17. It is not disputed that the order made by the CIT(A) has been made in exercise of appellate jurisdiction. The operative part of the order indicates that the CIT(A) has held that the long-term capital gain arising on the sale was liable to be taxed in the asst. yr. 1983-84 and not in the asst. yr. 1984-85. Consequently, the addition made by the AO for the asst. yr. 1984-85 came to be deleted. Liberty has also been reserved for the AO to bring the long-term capital gain on the transaction to tax in the asst. yr. 1983-84 keeping in view the time-limit prescribed in Expln. 2 below s. 153 r/w s. 153(3). On behalf of the petitioner, it has been contended that reservation of liberty does not amount to a direction as envisaged under ss. 150(1) and 153(3) of the Act. However, the said contention is misconceived in as much as, it is apparent that the CIT(A) has recorded a specific finding that the transfer of the property in question took place on 8th March, 1983 and that the long-term capital gain arising on the sale was, therefore, liable to be taxed in the asst. yr. 1983-84. The CIT(A) has consequently left it open to the AO to bring the capital gain to tax in the asst. yr. 1983-84.

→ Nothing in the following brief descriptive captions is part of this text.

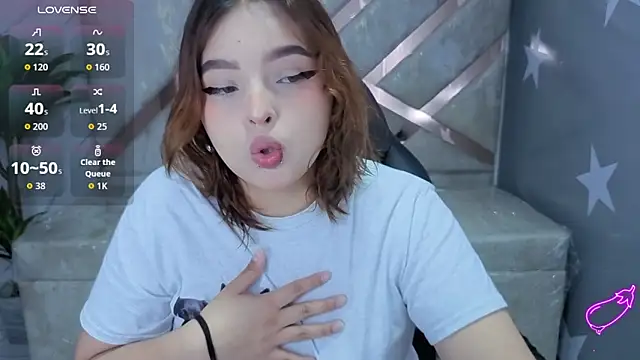 mia foster t online show from March 15, 1:07 pm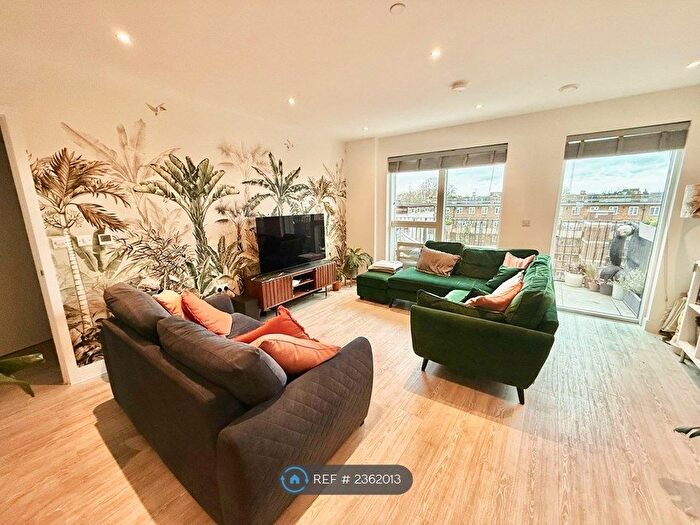 2 Bedroom Flat To Rent In Walrond House, London, N16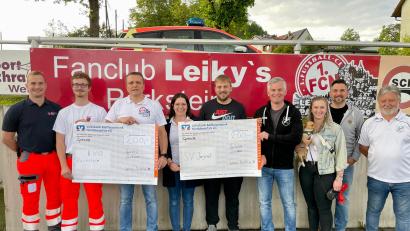 Bild: Thomas Breundl
Der Fanclub Leiky`s Parkstein übergibt jeweils eine Spende über 200 Euro an die Helfer vor Ort und den SV Parkstein.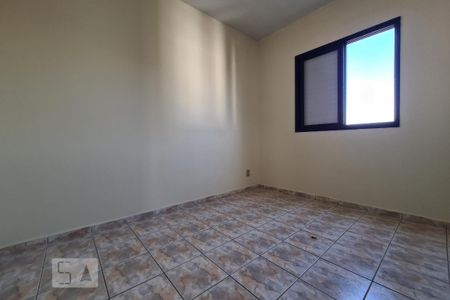 Quarto 2 de apartamento para alugar com 2 quartos, 62m² em Vila Lucy, Sorocaba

18. Another contention raised on behalf of the petitioner is that a finding in terms of s. 150 of the Act can only be that which is necessary for the disposal of an appeal in respect of an assessment of a particular year. The expressions “finding” as well as “direction” can be only in the context of a finding necessary for giving relief in the assessment of the year under consideration. That an order made in relation to a particular assessment year cannot be made the basis for reopening the concluded assessment of an earlier assessment year. However, the said contention loses sight of Expln. 2 below s. 153 which provides that where, by an order referred to in cl. (ii) of sub- s. (3), where any income is excluded from the total income of the assessee for an assessment year, then, an assessment of such income for another assessment year shall, for the purposes of ss. 150 and 153, be deemed to be one made in consequence of or to give effect to any finding or direction contained in the said order.

19. On a combined reading of sub-s. (1) of s. 150 and sub-s. (3) of s. 153, it is apparent that in cases falling under cl. (ii) of sub-s. (3) of s. 153 r/w Expln. 2 thereunder, the provisions of sub-s. (1) of s. 150 would be applicable and the bar of limitation under s. 149 would not be applicable. While ss. 150(1) and 153(3) contemplate issuance of notice under s. 148 and completion of assessment, reassessment and recomputation respectively, in consequence of or to give effect to any finding or direction contained in an order passed by any authority in any proceeding under the Act by way of appeal, reference or revision, Expln. 2 to s. 153(3) contains a deeming provision which provides that where by an order referred to in cl. (ii) of sub-s. (3) any income is excluded from the total income of an assessee for an assessment year, then an assessment of such income for another assessment year shall for the purposes of s. 150 and section 153 be deemed to be one made in consequence of or to give effect to any finding or direction contained in the said order.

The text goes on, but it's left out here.